Create a subfolder within that spec folder and create an implementation plan in that folder. And let's run this. Now, at this point, you might be wondering why I'm not using BMAT or spec kit or even my own boilerplate commands for this. And that's simply because this is a cloud code tutorial. And I do want to show you how much you can actually accomplish with vanilla claw code. So, for interest, the agent decided to create separate files for each of the phases. So for you if you are following
along everything might be added to a single file but I think if the file is too large it will decide to just kind of split them up into different files and we are expected to receive about 13 or 14 files which could take a bit of time. So one thing we can actually do is maybe just stop this conversation and let's say I don't want you writing one file at a time. Please can you kick off multiple general purpose agents to run in the background and in parallel to write the
remaining files? Let's send this. So the agent realized that there's about seven files remaining. So it's saying I'm going to launch multiple agents in parallel. Let's kick off seven agents to handle the remaining documents. And look at that. We now have seven agents running in the background and in parallel writing these files. So this can be really helpful for taking tasks that actually have no dependency on each other and letting agents implement those in parallel.

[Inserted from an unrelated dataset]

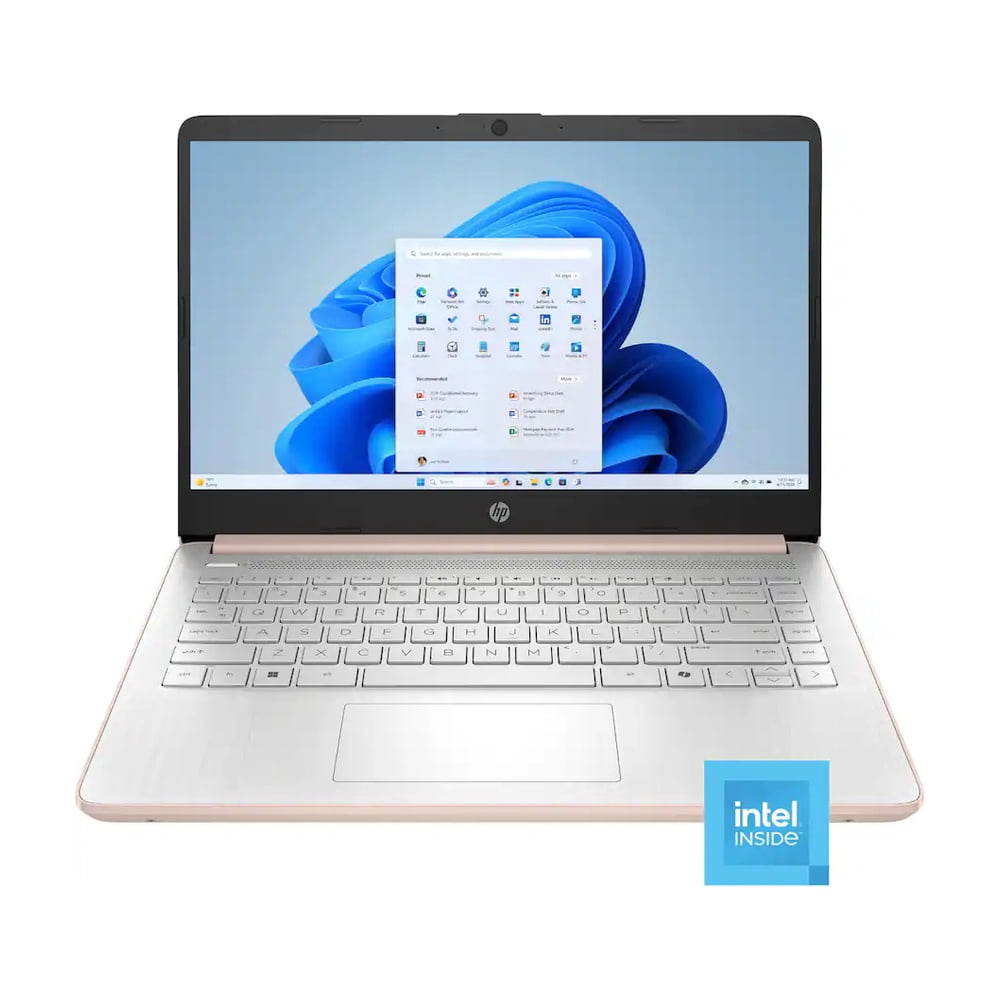 Laptop Hp 14" Hd Intel Celeron N150 4gb Ram 128gb Ufs Color Rosa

And as a reminder, you can
see all of those agents by simply pressing the down arrow key where it says that we currently have seven background tasks. We can press enter. And now we can see all of those agents. And if we click into any of these, we can see exactly what those agents are currently busy with. I'll press the left arrow to go back to this screen. Then escape to go back to our agent. Now, we'll simply wait for these background tasks to complete. Man, I'm not even exaggerating. That was way, way faster.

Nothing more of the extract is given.